## TASK DESCRIPTION
Give back an exact copy of the lines in the records below, from the line that has "26 Cayman Drive, Clear" through the line that has "de Wimbledon Kyrgios", and nothing besides.

** LISTED RECORDS follows **

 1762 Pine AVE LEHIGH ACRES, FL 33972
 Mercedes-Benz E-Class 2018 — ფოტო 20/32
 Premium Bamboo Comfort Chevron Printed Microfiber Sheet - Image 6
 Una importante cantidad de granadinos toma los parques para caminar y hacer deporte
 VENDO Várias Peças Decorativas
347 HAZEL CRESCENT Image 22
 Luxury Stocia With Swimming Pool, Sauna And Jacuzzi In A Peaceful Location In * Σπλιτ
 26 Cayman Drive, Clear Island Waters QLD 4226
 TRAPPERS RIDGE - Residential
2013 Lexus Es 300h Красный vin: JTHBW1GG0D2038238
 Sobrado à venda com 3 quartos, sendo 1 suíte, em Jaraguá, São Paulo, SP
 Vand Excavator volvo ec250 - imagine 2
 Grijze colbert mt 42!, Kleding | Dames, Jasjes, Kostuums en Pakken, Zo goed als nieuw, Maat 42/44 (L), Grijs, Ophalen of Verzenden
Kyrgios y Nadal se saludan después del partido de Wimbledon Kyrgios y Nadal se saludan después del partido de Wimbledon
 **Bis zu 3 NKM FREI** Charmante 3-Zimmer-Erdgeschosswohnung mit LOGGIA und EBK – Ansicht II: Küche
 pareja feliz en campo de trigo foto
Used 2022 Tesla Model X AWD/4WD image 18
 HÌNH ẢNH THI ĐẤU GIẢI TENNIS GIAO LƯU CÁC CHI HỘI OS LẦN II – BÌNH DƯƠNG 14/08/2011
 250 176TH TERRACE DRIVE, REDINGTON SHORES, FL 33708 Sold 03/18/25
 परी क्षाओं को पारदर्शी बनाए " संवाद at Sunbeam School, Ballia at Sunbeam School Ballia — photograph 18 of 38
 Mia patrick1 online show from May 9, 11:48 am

** End of LISTED RECORDS **

## YOUR RESPONSE
 26 Cayman Drive, Clear Island Waters QLD 4226
 TRAPPERS RIDGE - Residential
2013 Lexus Es 300h Красный vin: JTHBW1GG0D2038238
 Sobrado à venda com 3 quartos, sendo 1 suíte, em Jaraguá, São Paulo, SP
 Vand Excavator volvo ec250 - imagine 2
 Grijze colbert mt 42!, Kleding | Dames, Jasjes, Kostuums en Pakken, Zo goed als nieuw, Maat 42/44 (L), Grijs, Ophalen of Verzenden
Kyrgios y Nadal se saludan después del partido de Wimbledon Kyrgios y Nadal se saludan después del partido de Wimbledon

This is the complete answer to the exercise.